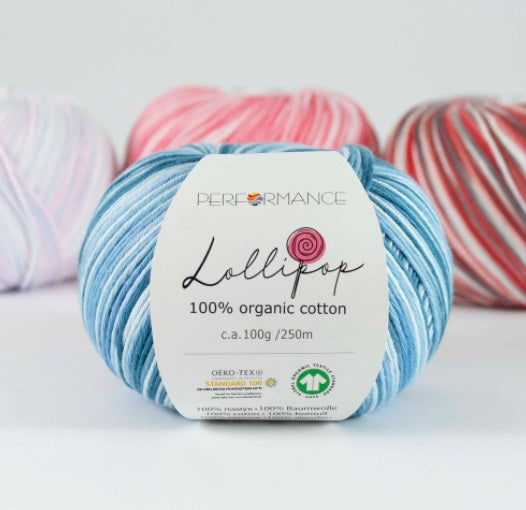 A skein of blue Lollipop brand organic cotton yarn with a label showing the brand name and yarn type, surrounded by other skeins of yarn in the background.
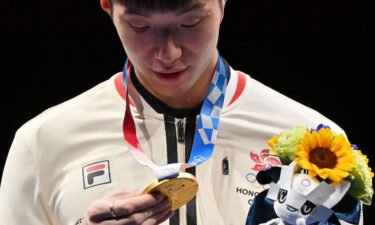 Fencing gold medallist Cheung Ka Long of Hong Kong looks at his medal while on the podium during the medal ceremony for the Men's Individual Foil during the Tokyo 2020 Olympic Games at the Makuhari Messe Hall in Chiba City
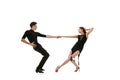 Dynamic portrait of young emotive dancers in black outfits dancing ballroom dance isolated on white background. Concept Royalty Free Stock Photo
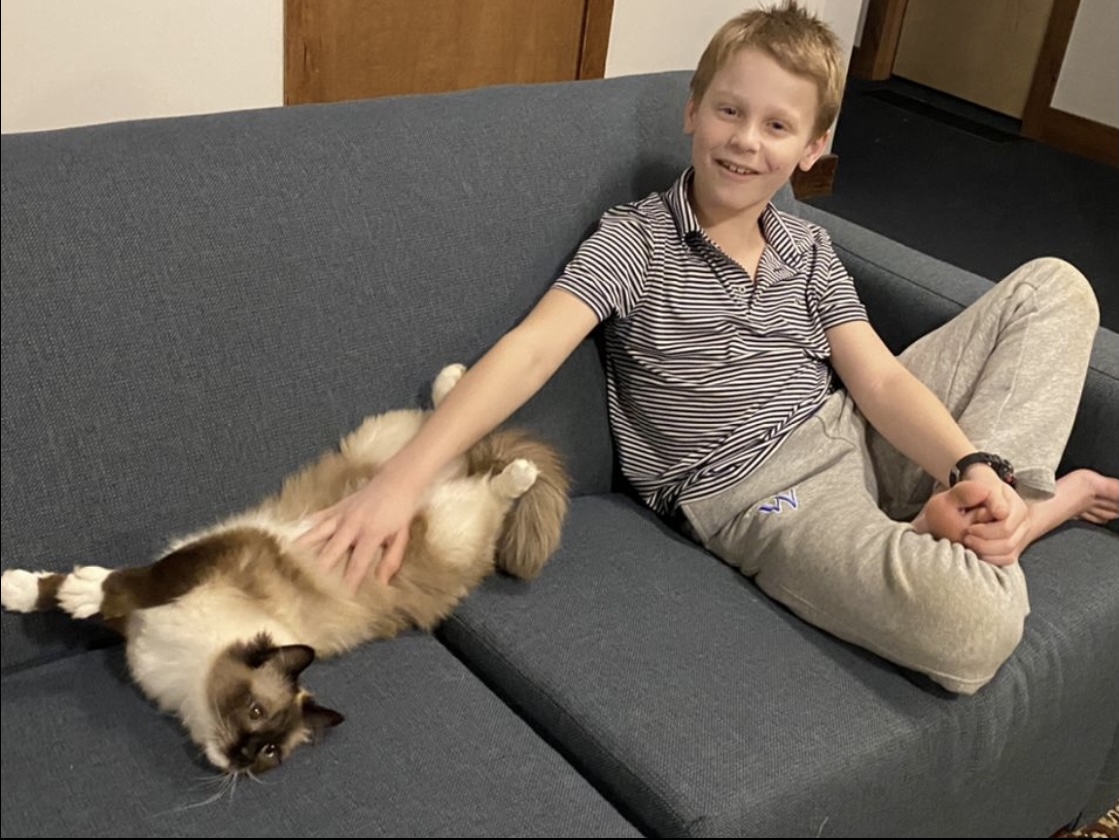 student with pet dog in dorm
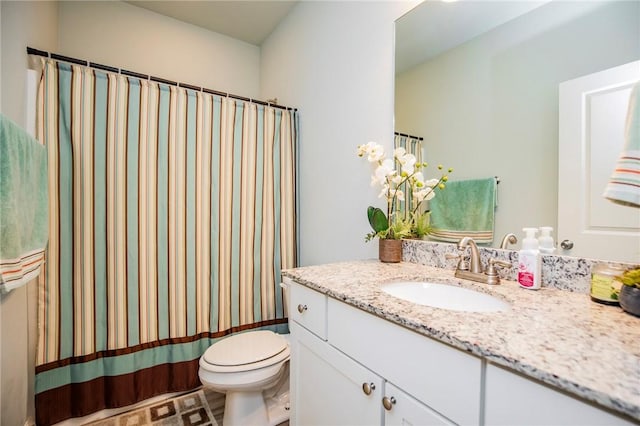 bathroom with toilet, walk in shower, and vanity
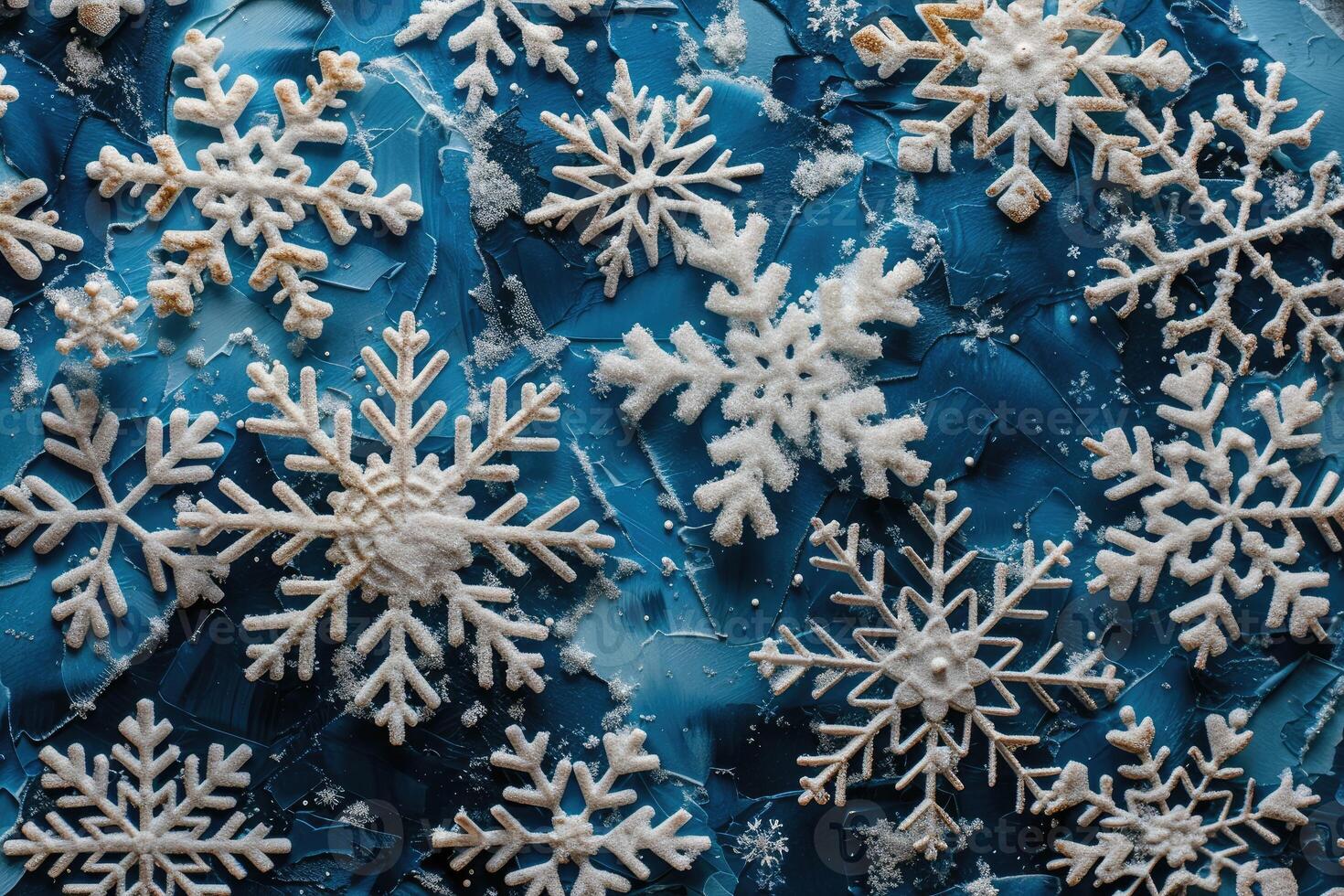 Festive snowflakes arranged on a textured blue surface. photo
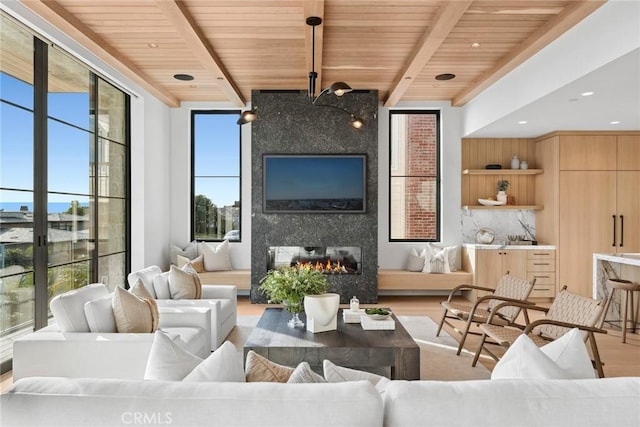 living room with a fireplace, wood finished floors, wood ceiling, beamed ceiling, and a wall of windows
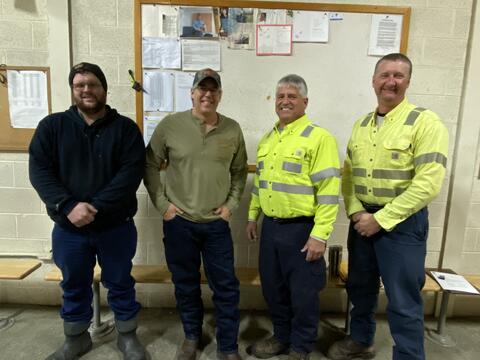 Four men posing indoors in work clothing by IBEW 1837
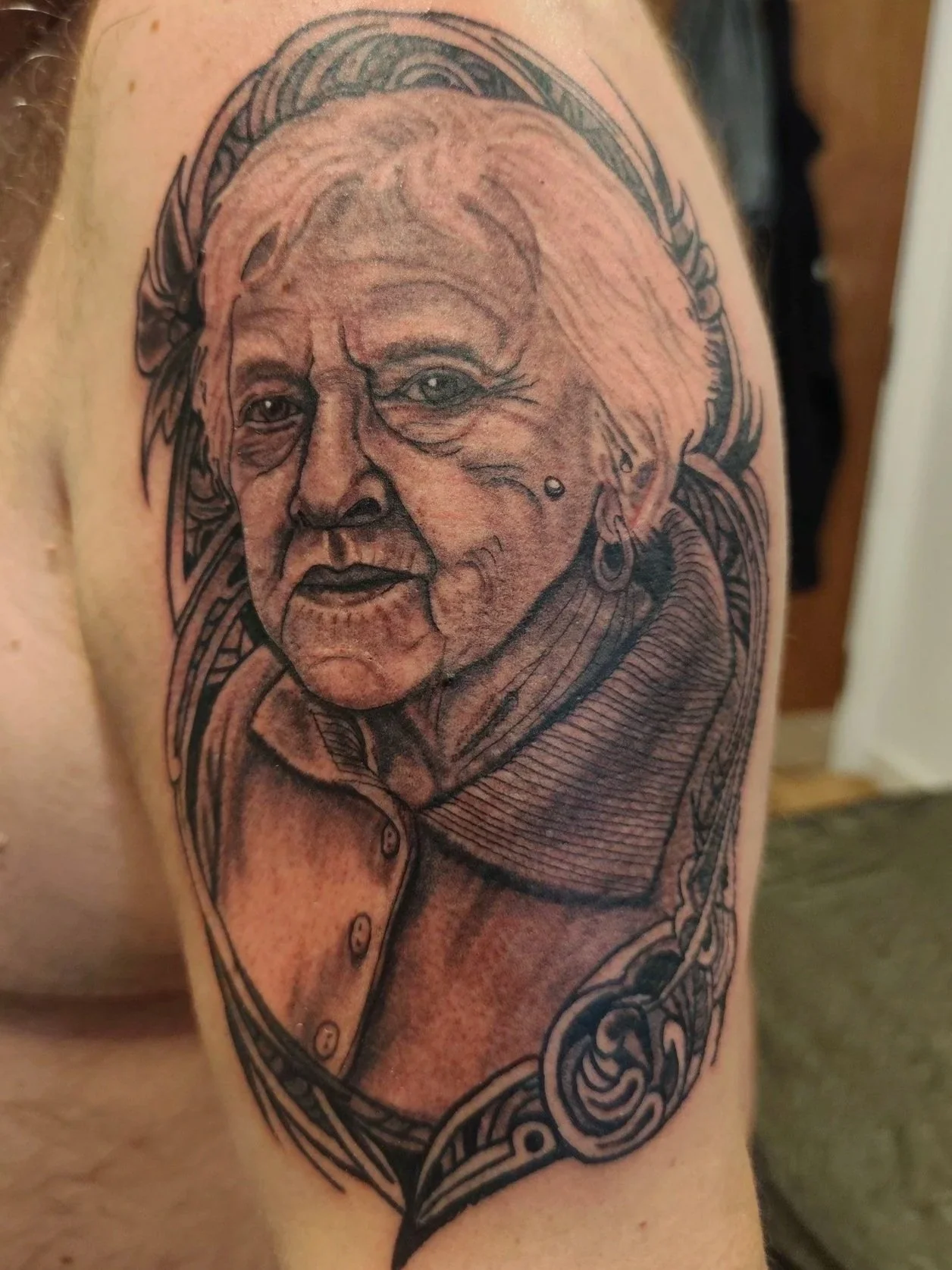 Tattoo portrait of a  woman with earrings, detailed facial features, and wearing a collared shirt, framed with ornamental line work.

++++++++++

#### About this exercise:
Give back the material above exactly, with each picture removed.

#### Expected output:
 A skein of blue Lollipop brand organic cotton yarn with a label showing the brand name and yarn type, surrounded by other skeins of yarn in the background.
 Fencing gold medallist Cheung Ka Long of Hong Kong looks at his medal while on the podium during the medal ceremony for the Men's Individual Foil during the Tokyo 2020 Olympic Games at the Makuhari Messe Hall in Chiba City
 Dynamic portrait of young emotive dancers in black outfits dancing ballroom dance isolated on white background. Concept Royalty Free Stock Photo
 student with pet dog in dorm
 bathroom with toilet, walk in shower, and vanity
 Festive snowflakes arranged on a textured blue surface. photo
 living room with a fireplace, wood finished floors, wood ceiling, beamed ceiling, and a wall of windows
 Four men posing indoors in work clothing by IBEW 1837
 Tattoo portrait of a  woman with earrings, detailed facial features, and wearing a collared shirt, framed with ornamental line work.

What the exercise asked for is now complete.